Extract data from html table from email body in Power Automate
Use Case
I have found that there are many posts related to extract data from html table in the email body. This is the common scenario when organization tries to automate the process to increase personal productivity of users. So, I thought of sharing a solution to accomplish this task.
Scenario
Let’s take an example of getting information from partners. The users send a template to business partners in the form of html table to respond. Partners replied on the mail with the required information. Using Power Automate cloud flow, we will extract the data or required information from the business and stores those values in the excel sheet saved in SharePoint document library.
Input Source (Email)
We will extract the values for Price/PC, Currency, MOQ & Lead-time (weeks) from the email received from business partners.
Target Excel File
Master excel file sheet has been saved in SharePoint document library. The excel sheet contains a table which has unique column ‘UniqueID’. Based on the unique column, values extracted from email body will be updated in the excel file.
Solution
There are many solutions to extract the data from email like convert html to text and parsing the string, AI builder etc. But here, I will make use of fx expressions to achieve this.

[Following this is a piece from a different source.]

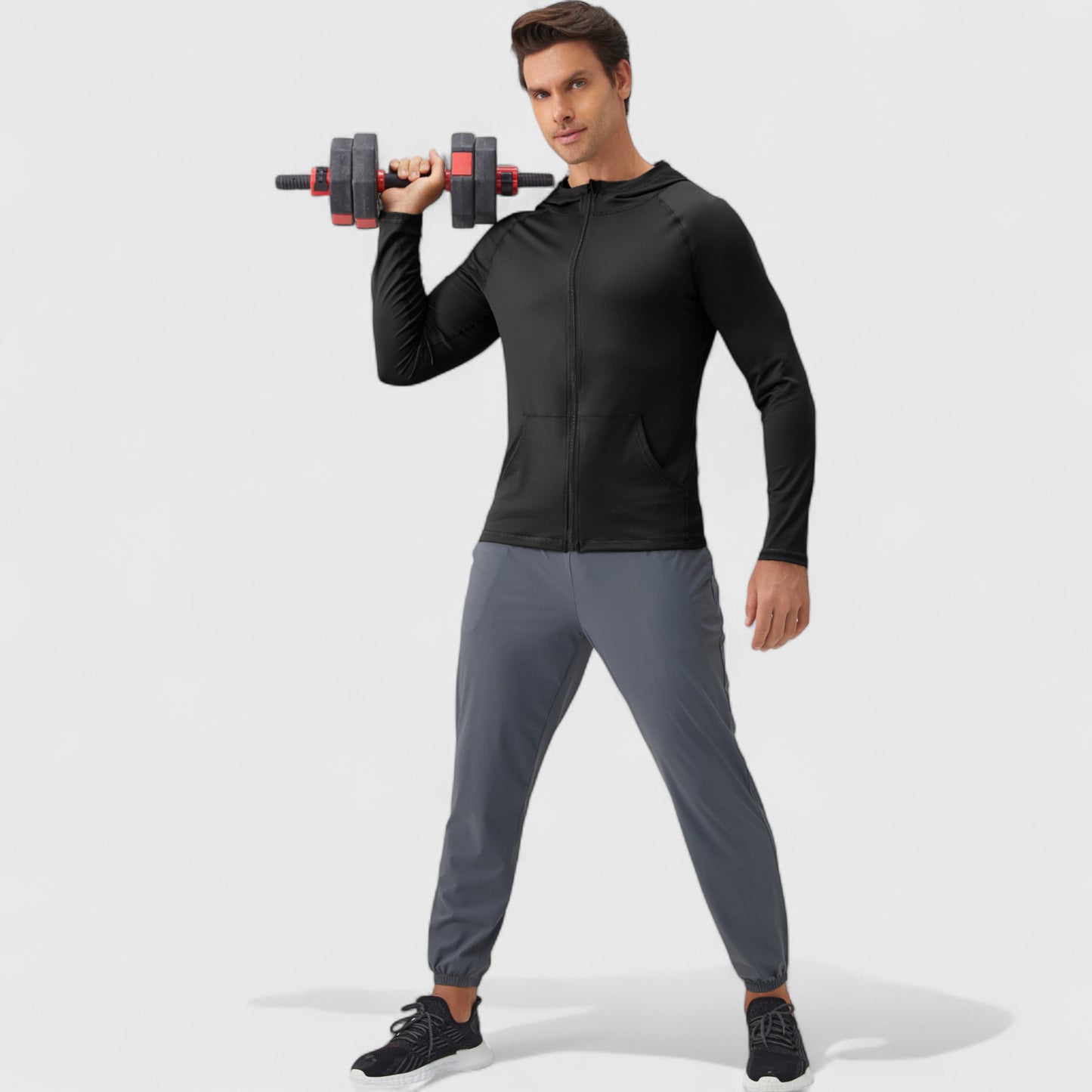 Men's Fitted Full-Zip Hooded Jacket with Front Pockets and Long Sleeves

1. Start by creating a new Automated cloud flow.
2. Enter the flow name & select the trigger “When an email arrives (V3)”. Press Create button to proceed.

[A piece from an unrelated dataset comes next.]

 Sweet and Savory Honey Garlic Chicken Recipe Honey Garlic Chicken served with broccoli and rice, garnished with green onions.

3. Expand trigger action by right click it. When an email arrives provides various filter options to choose from and accordingly the flow will trigger. You can filter based on sender, recipient(s), subject, with or without attachment(s) etc. Here, we will filter the incoming email on subject “RQF Automated” so that the flow will be triggered on a specific email.
4. Add Compose action and write an expression to extract html table from the email body
concat('<table ',first(split(last(split(triggerOutputs()?['body/body'],'<table ')),'</table>')),'</table>')
5. Run the flow once to get to know which tags to target for extracting the data. Depends on the column’s formatting, html tags may vary so it recommended to know beforehand. Analyze the output of compose action and note the tags that contains header of data values.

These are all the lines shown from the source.